CREATE OR ALTER PROCEDURE dbo.GetLargestOrder AS BEGIN SELECT TOP 1 CustomerKey , oh.OrderKey , OrderTotal FROM dbo.OrderHeader AS oh ORDER BY OrderTotal DESC; END; GO CREATE OR ALTER PROCEDURE dbo.GetDailySalesSummary @dt DATE AS BEGIN CREATE TABLE #LargeOrder ( CustomerKey INT , OrderKey INT , Ordertotal MONEY); INSERT #LargeOrder EXEC dbo.GetLargestOrder; SELECT CustomerKey, OrderKey, OrderTotal FROM #LargeOrder AS lo UNION ALL SELECT CustomerKey , OrderKey , OrderTotal FROM dbo.OrderHeader AS oh WHERE OrderDate = @dt ORDER BY lo.Ordertotal DESC; END; GO
Notice the second procedure contains a call to the first procedure. If we were to check the @@NESTLEVEL inside of the dbo.GetLargestOrder procedure, it would be 2 when being called from dbo.GetDailySalesSummary. This is because we have two procedures being executed in the calling stack. We can nest up to 32 procedures, but this is rarely a practical level of nesting code.
Table Valued Parameters
One of the changes in the T-SQL language was the addition of table valued parameters (TVP). While SQL Server supports up to 2100 parameters in a stored procedure, that is a very cumbersome way to transfer data. Starting with SQL Server 2008, T-SQL allowed a table type to be used as a parameter and contain a number of rows as parameters.
In order to use a TVP, we must first declare a table type that is the structure of the table we wish to pass into a stored procedure. We then use this type as our parameter, both in the stored procedure header and in the calling routine. Let's see an example.
I will create a type that holds status values. For my simple example, I am using a single column, but I could easily include multiple columns.
CREATE TYPE dbo.StatusValues AS TABLE (StatusKey INT);
When I define my stored procedure, I include the TVP as any other parameters. The data type is the Type itself. This is shown below.
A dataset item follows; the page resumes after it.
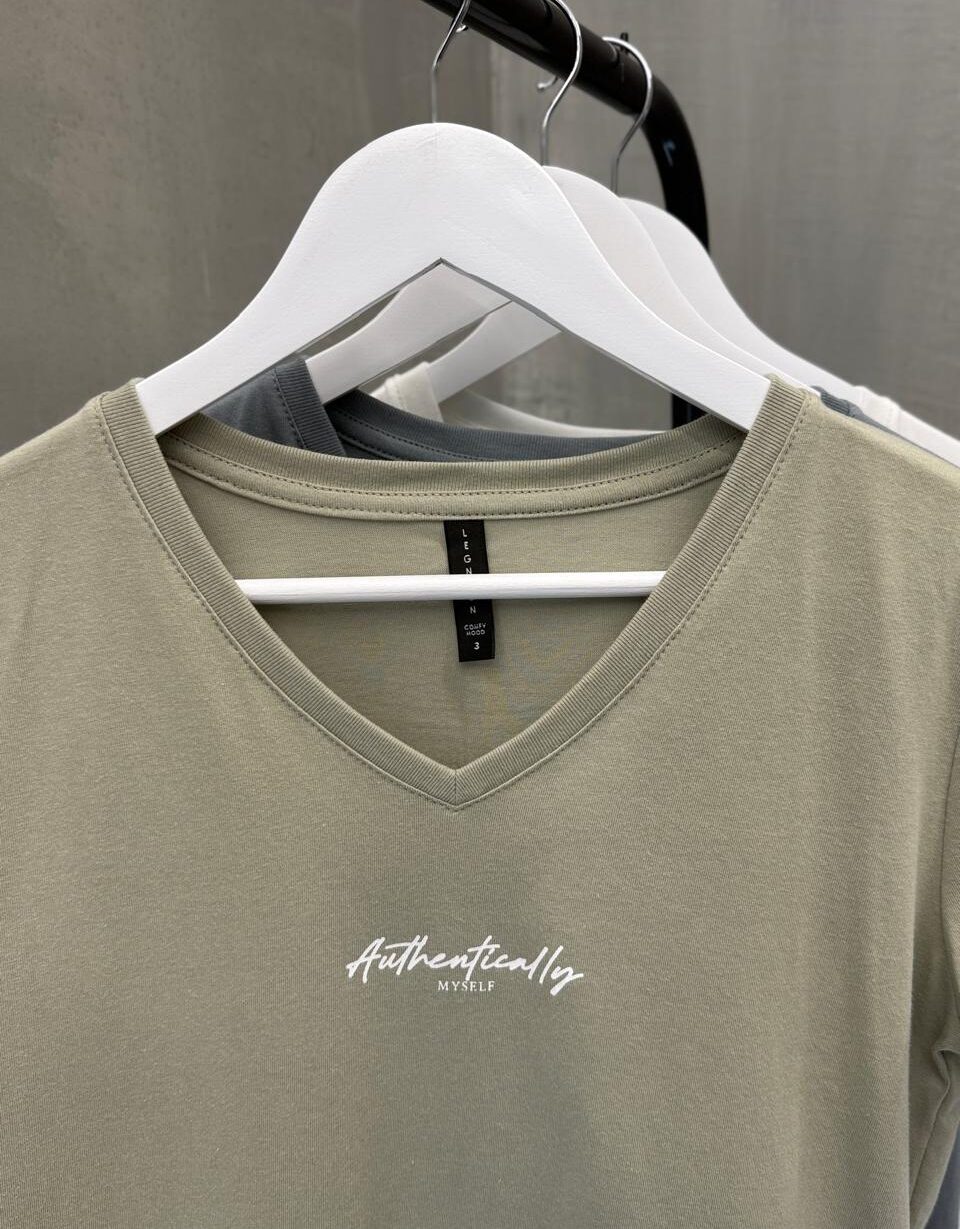 Alternative view of Remera Hawai AUTHENTICALLY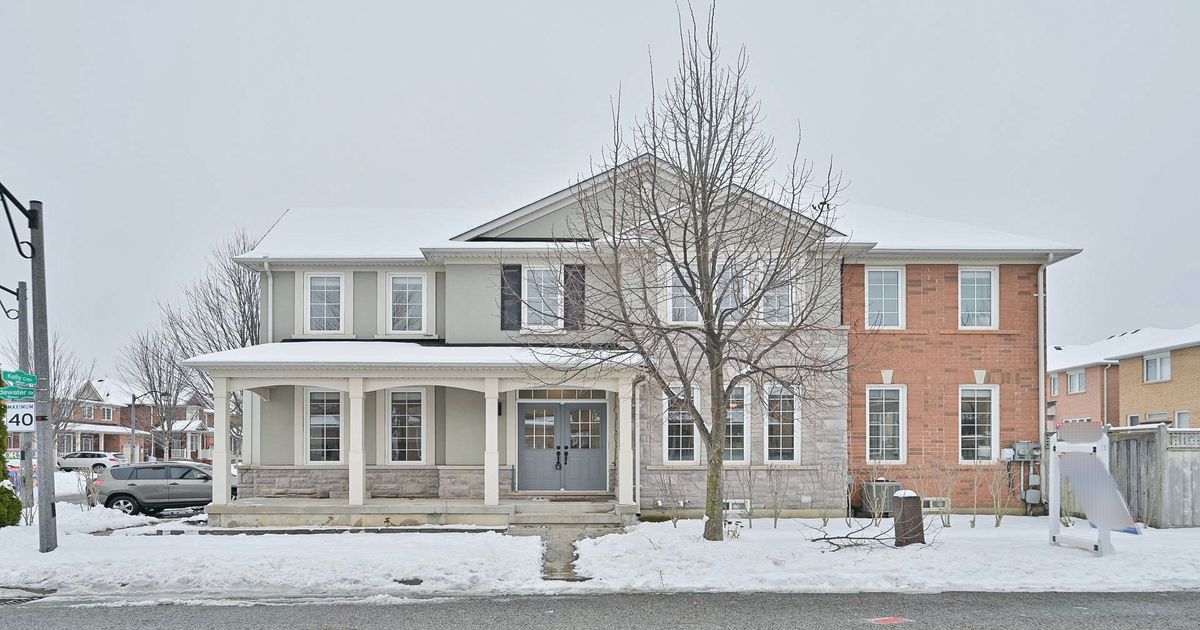 68 Kelly Crescent Markham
CREATE OR ALTER PROCEDURE GetOrderWithStatus @dt DATE , @status StatusValues READONLY AS BEGIN SELECT oh.OrderKey , oh.OrderDate FROM dbo.OrderHeader AS oh INNER JOIN @status AS s ON oh.Status = s.StatusKey WHERE oh.OrderDate > @dt; END; GO
When I want to call this, I need to create another variable using this type. I then add the data I need and pass this into the stored procedure call.
This allows me to structure my stored procedure to work with a set of data provided by the calling routine.
A couple of limitations should be noted. First, the TVP must be read only in the definition. If I try to compile a stored procedure without the READONLY keyword, I will get an error. I cannot change the data in the TVP inside of the stored procedure. Second, I cannot use these as the target of a SELECT INTO or INSERT EXEC routine.
Moving On
This article is designed to try and give you some ideas and recommendations for building better stored procedures. We look at a few of the code structures that you can use in your code and how to better document your stored procedures. We also touched on parameters and nesting.
Stored procedures provide a great abstraction that allow you to work with data in a loosely coupled way in your application code. They work well with Entity Framework, NHibernate, and other application code. These give you some freedom to modify the underlying schema, while providing a stable API to your application.
I highly recommend that you learn to write and use stored procedures as a way of encapsulating data access in your code.